Not a one of us cannot say, yep, been there, done that. Or more to the point, still there, still struggle with that. How about greed, in verse 29? How about deceit or strife in the same verse? How about envy? How about gossip or slander, or arrogant or boastful? Most of us can more easily ignore the sin of abortion or homosexuality, but these other things hit much closer to home.

These things require the blood of Christ to save us, just as much as the other so-called “worse” sins. To make sure you young people aren’t left out, Paul even throws in “disobedient to parents.” Wow. We have disobedient to parents within a few words or verses of a condemnation of murder and homosexual behavior!

Clearly, this is about more than those sins “out there.” There’s certainly nothing wrong with noting what the Bible says about the many things Paul addresses here, but if we stop there, we’re missing Paul’s major point, for which this passage is just the long lead up to:

All have sinned. There is no one righteous, not even one. And yes, God’s wrath is being revealed, and will be revealed in the final judgment. But thanks be to God, we have a Savior.

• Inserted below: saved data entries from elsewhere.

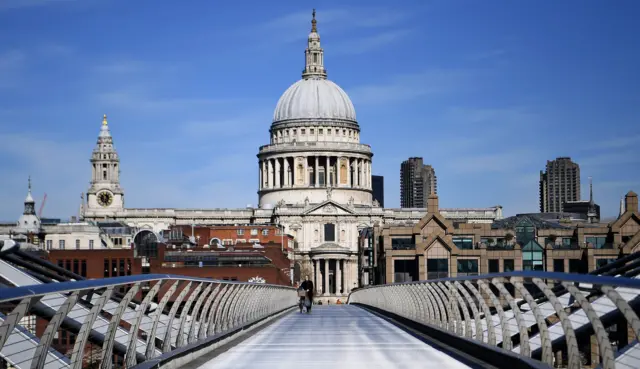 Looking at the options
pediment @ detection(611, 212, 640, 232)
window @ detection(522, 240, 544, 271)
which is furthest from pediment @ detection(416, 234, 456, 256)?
pediment @ detection(611, 212, 640, 232)

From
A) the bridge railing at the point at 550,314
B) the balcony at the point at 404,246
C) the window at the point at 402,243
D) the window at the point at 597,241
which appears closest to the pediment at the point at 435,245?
the balcony at the point at 404,246

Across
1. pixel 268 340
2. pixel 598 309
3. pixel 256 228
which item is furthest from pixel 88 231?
pixel 598 309

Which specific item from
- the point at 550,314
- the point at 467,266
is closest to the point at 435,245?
the point at 467,266

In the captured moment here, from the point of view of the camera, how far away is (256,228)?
197 meters

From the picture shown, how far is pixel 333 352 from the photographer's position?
70.5ft

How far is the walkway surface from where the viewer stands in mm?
19062

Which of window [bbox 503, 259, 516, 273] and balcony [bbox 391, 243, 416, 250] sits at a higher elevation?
balcony [bbox 391, 243, 416, 250]

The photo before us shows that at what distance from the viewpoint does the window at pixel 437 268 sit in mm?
86438

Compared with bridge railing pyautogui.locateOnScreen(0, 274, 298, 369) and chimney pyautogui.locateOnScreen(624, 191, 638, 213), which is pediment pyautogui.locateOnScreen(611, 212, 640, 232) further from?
bridge railing pyautogui.locateOnScreen(0, 274, 298, 369)

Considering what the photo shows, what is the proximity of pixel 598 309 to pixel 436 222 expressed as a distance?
261 feet

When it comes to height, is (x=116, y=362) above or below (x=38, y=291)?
below

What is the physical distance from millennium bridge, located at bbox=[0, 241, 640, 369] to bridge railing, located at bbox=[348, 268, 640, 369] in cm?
2

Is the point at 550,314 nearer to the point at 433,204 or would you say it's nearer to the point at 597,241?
the point at 597,241

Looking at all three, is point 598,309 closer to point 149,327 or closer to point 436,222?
point 149,327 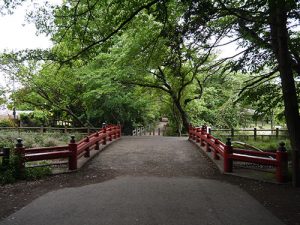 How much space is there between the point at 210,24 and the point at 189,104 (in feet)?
51.5

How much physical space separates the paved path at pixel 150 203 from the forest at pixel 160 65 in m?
2.48

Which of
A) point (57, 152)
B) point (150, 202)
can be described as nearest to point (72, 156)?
point (57, 152)

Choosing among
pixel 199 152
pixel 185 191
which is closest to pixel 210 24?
pixel 199 152

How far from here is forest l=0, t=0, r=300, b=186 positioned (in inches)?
332

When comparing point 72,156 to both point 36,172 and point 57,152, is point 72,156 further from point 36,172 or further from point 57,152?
point 36,172

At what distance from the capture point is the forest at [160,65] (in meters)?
8.44

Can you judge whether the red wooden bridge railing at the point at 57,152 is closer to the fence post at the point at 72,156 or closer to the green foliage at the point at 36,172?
the fence post at the point at 72,156

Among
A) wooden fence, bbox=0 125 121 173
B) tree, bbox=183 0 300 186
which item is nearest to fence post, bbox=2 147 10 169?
wooden fence, bbox=0 125 121 173

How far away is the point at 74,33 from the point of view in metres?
8.30

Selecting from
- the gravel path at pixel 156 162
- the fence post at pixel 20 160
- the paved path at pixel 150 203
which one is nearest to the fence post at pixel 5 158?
the fence post at pixel 20 160

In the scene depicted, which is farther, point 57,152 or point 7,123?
point 7,123

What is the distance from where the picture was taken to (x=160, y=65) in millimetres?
16641

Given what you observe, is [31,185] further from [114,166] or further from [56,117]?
[56,117]

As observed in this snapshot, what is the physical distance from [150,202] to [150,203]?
7cm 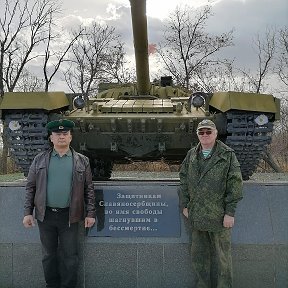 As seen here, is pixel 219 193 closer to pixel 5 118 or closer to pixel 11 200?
pixel 11 200

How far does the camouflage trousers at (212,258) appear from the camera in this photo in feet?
15.4

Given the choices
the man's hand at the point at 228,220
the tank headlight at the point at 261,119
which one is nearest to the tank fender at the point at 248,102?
the tank headlight at the point at 261,119

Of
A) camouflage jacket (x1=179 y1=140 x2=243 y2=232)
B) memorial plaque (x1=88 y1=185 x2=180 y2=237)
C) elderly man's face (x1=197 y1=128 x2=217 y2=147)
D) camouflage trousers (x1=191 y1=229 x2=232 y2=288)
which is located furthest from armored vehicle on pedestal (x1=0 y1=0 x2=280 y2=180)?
camouflage trousers (x1=191 y1=229 x2=232 y2=288)

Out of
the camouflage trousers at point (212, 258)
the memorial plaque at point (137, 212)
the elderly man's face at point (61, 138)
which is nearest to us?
the camouflage trousers at point (212, 258)

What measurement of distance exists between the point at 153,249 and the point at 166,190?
0.62 m

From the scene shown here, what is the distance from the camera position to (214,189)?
15.2 feet

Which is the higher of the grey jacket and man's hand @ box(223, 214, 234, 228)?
the grey jacket

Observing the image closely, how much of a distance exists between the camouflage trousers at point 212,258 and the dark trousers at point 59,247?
3.67 ft

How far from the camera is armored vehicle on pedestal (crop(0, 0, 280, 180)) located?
782cm

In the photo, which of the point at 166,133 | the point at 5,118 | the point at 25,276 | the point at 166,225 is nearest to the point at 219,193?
the point at 166,225

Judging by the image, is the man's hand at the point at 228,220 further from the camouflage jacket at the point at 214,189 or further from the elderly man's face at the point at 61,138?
the elderly man's face at the point at 61,138

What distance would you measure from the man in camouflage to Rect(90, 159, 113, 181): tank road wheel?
5313mm

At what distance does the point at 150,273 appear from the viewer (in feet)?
17.0

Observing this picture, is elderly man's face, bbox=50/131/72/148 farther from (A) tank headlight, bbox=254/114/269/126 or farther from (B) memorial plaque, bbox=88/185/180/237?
(A) tank headlight, bbox=254/114/269/126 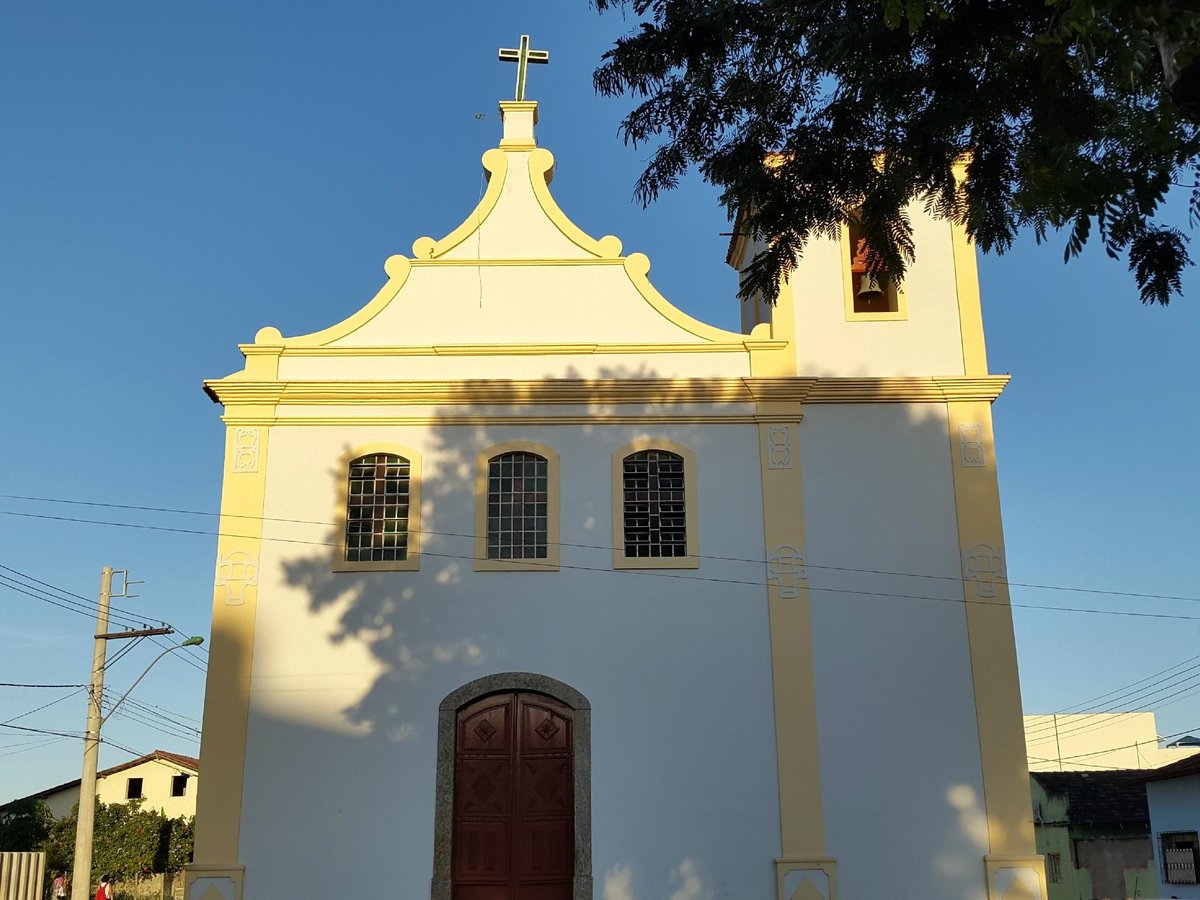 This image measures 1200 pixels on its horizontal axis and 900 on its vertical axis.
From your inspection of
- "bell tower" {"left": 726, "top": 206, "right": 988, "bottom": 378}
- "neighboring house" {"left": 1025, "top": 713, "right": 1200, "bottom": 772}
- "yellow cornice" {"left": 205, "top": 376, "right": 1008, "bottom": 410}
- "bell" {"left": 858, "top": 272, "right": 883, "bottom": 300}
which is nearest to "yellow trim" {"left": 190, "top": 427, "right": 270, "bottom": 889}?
"yellow cornice" {"left": 205, "top": 376, "right": 1008, "bottom": 410}

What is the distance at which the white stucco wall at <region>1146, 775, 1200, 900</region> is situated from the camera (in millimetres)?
20344

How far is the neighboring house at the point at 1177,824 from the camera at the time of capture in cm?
2031

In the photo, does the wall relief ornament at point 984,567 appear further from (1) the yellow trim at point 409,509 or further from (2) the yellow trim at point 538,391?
(1) the yellow trim at point 409,509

Therefore let all who have ears to hear give the utmost attention to what God says about our state by nature. Do not apply the threefold “God gave them up” of Romans One to “the heathen,” as most do. Behold, we are those of whom God says: “There is no distinction: all sinned and fall short of the glory of God.” ALL are brought under the judgment of God. O saints, beware of the “select” circles, the “we-are-better” societies of pride! For all human beings are alike sinners: for “The Scripture shut up all things under sin, that the promise by faith in Jesus Christ might be given to them that believe” (Gal 3:22).

William R Newell

We see in Luke where Jesus

Luke 18:9-14 (ESV) ..... told this parable to some who trusted in themselves that they were righteous, and treated others with contempt: 10 “Two men went up into the temple to pray, one a Pharisee and the other a tax collector. 11 The Pharisee, standing by himself, prayed thus: ‘God, I thank you that I am not like other men, extortioners, unjust, adulterers, or even like this tax collector. 12 I fast twice a week; I give tithes of all that I get.’ 13 But the tax collector, standing far off, would not even lift up his eyes to heaven, but beat his breast, saying, ‘God, be merciful to me, a sinner!’ 14 I tell you, this man went down to his house justified, rather than the other. For everyone who exalts himself will be humbled, but the one who humbles himself will be exalted.”

Rather than a Pharisaical attitude of “thank God I’m not like those sinners,” let’s live our lives by the attitude of the tax collector: “God, be merciful to me, a sinner.”

As we approach Holy Week in just a few weeks, what a wonderful time it is to examine our hearts, and note with gratitude the sacrifice of Christ and mercy extended toward us because, as the song we sing here says, “and on the cross, where Jesus died, the wrath of God was satisfied.”